### EXERCISE
Word for word, write the lines below out again, with no pictures.

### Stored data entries
•••

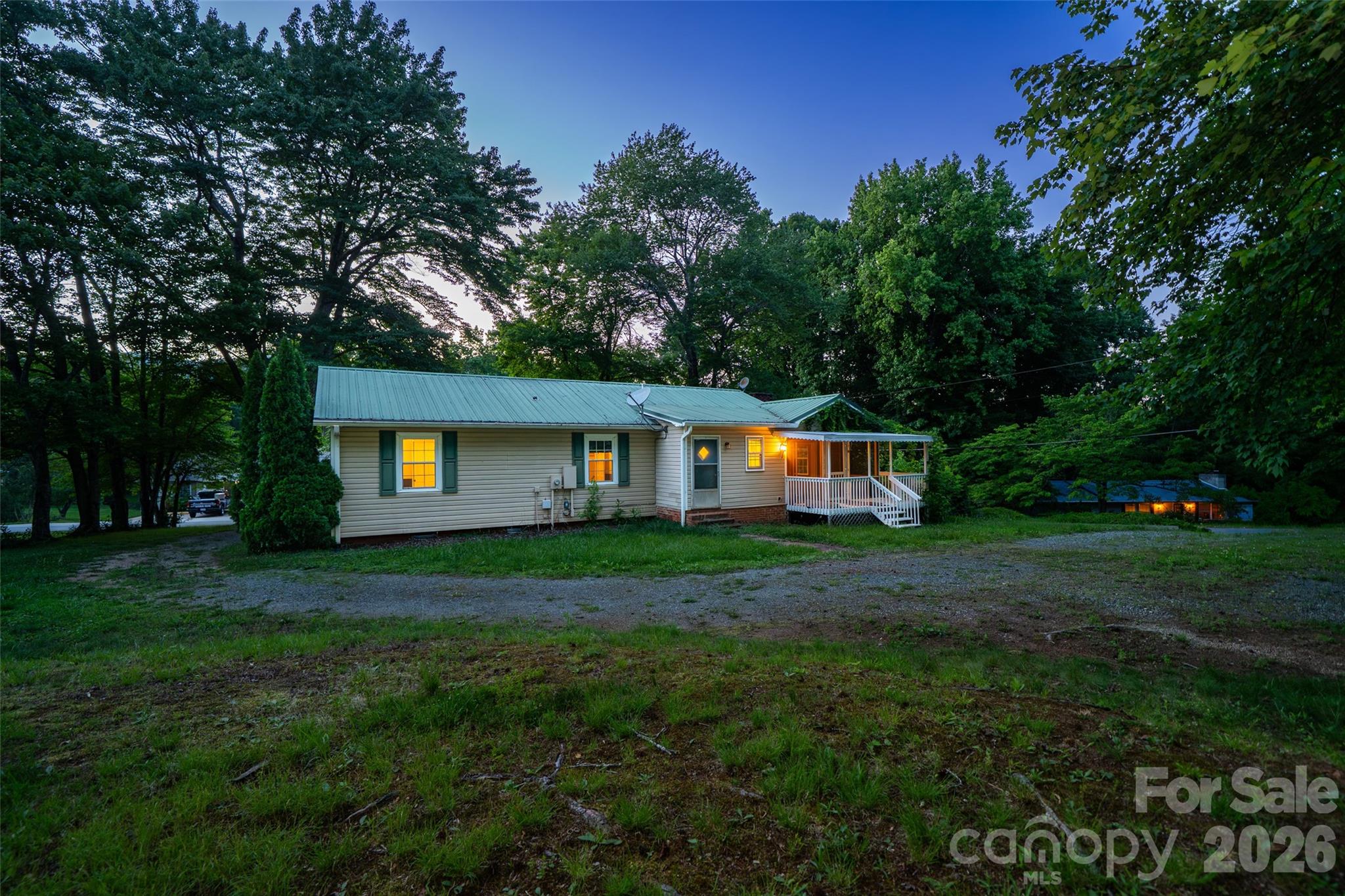 52 E Miller Street Property Photo 31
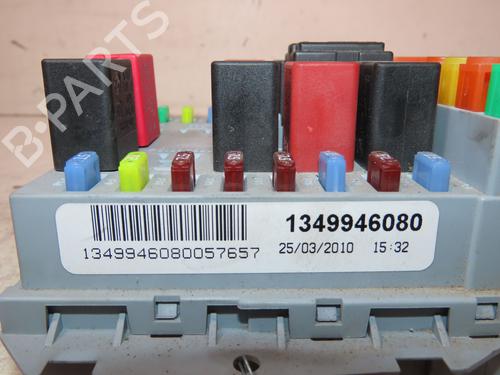 Used Fuse box CITROËN JUMPER II Van 2.2 HDi 120 (120 hp) 30840355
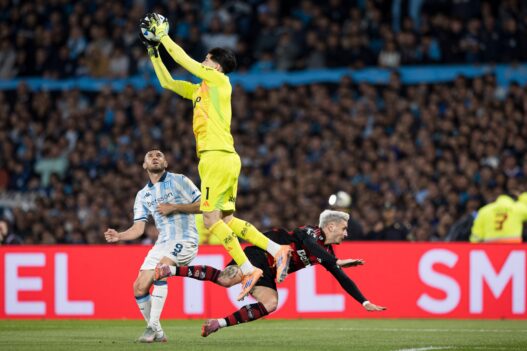 Rossi brilha, Flamengo empata com o Racing e está na final da Libertadores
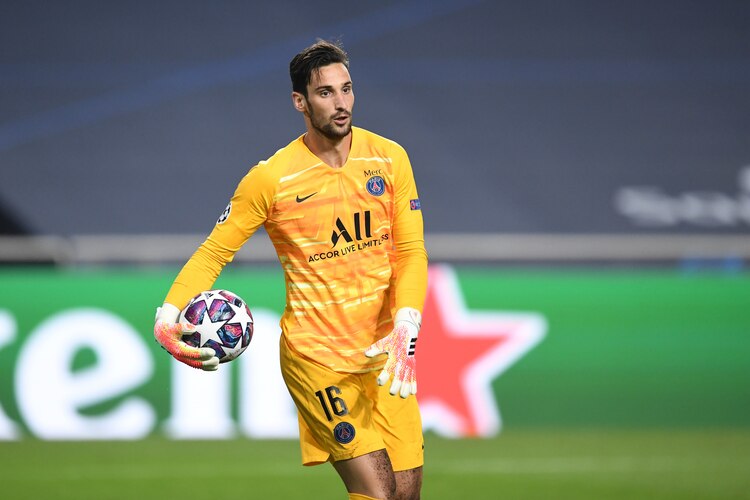 El arquero Sergio Rico del Paris Saint-Germain durante el partido contra Leipzig.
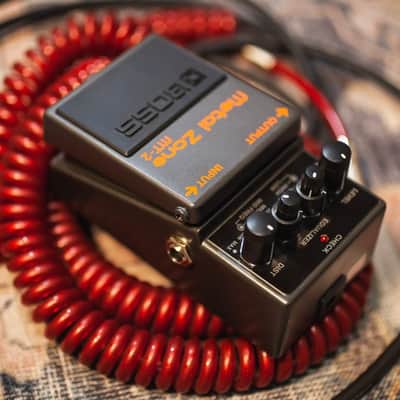 Boss MT-2 Metal Zone Guitar Effects Pedal image 4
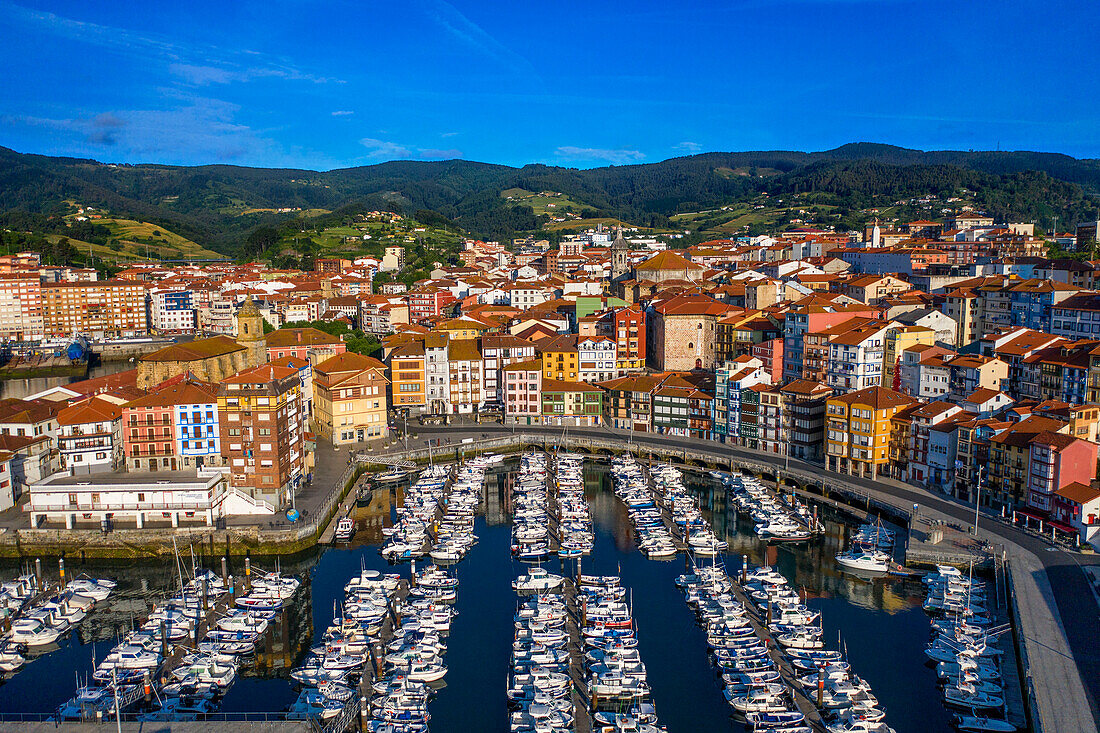 Altstadt und Fischereihafen von Bermeo in der Provinz Biskaya im Baskenland in Nordspanien.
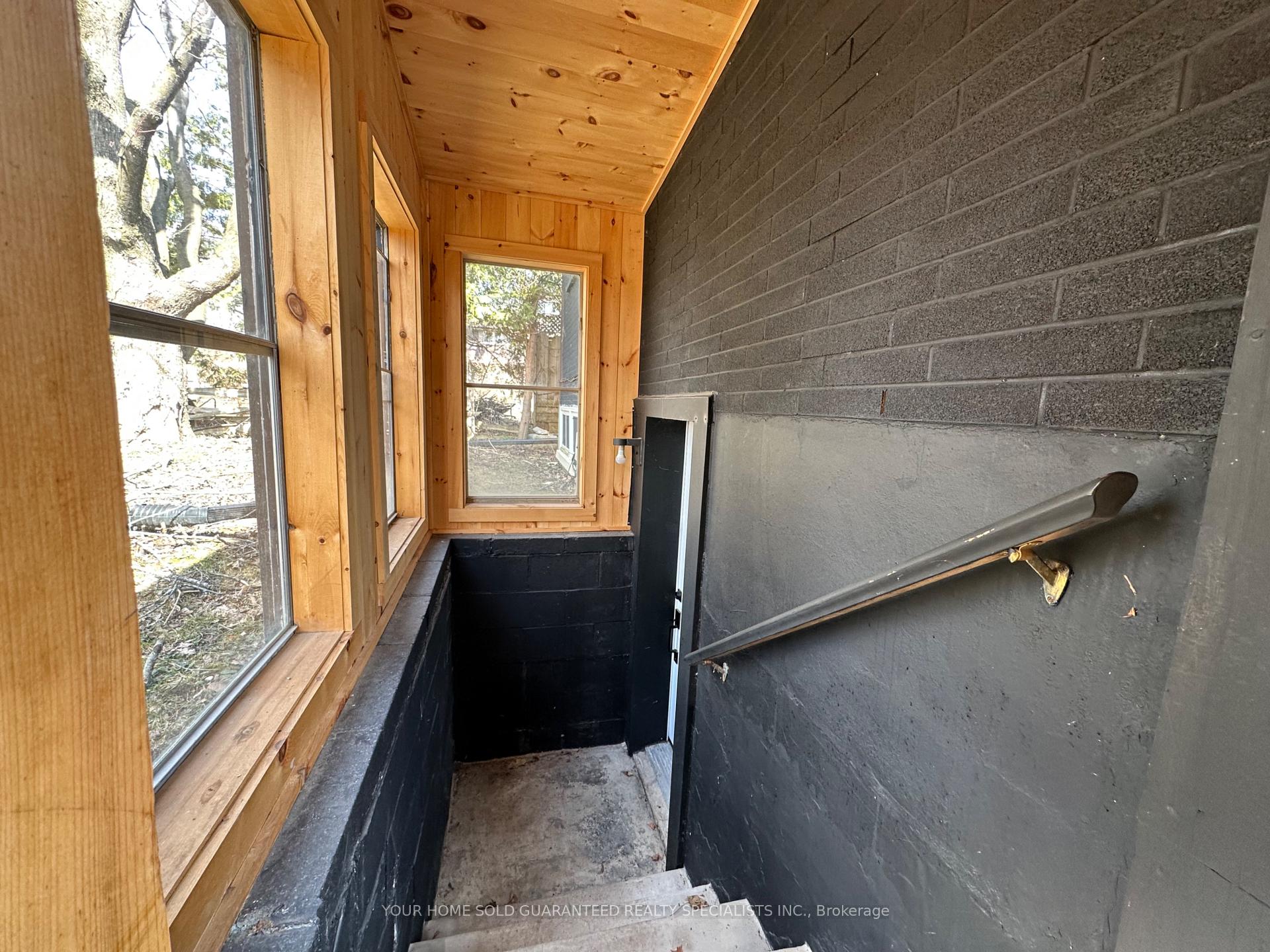 Photo 3 of Unit BASEMENT, 36 Queen Street, Barrie, Codrington — HOMEH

•••

### REPLY
 52 E Miller Street Property Photo 31
 Used Fuse box CITROËN JUMPER II Van 2.2 HDi 120 (120 hp) 30840355
 Rossi brilha, Flamengo empata com o Racing e está na final da Libertadores
 El arquero Sergio Rico del Paris Saint-Germain durante el partido contra Leipzig.
 Boss MT-2 Metal Zone Guitar Effects Pedal image 4
 Altstadt und Fischereihafen von Bermeo in der Provinz Biskaya im Baskenland in Nordspanien.
 Photo 3 of Unit BASEMENT, 36 Queen Street, Barrie, Codrington — HOMEH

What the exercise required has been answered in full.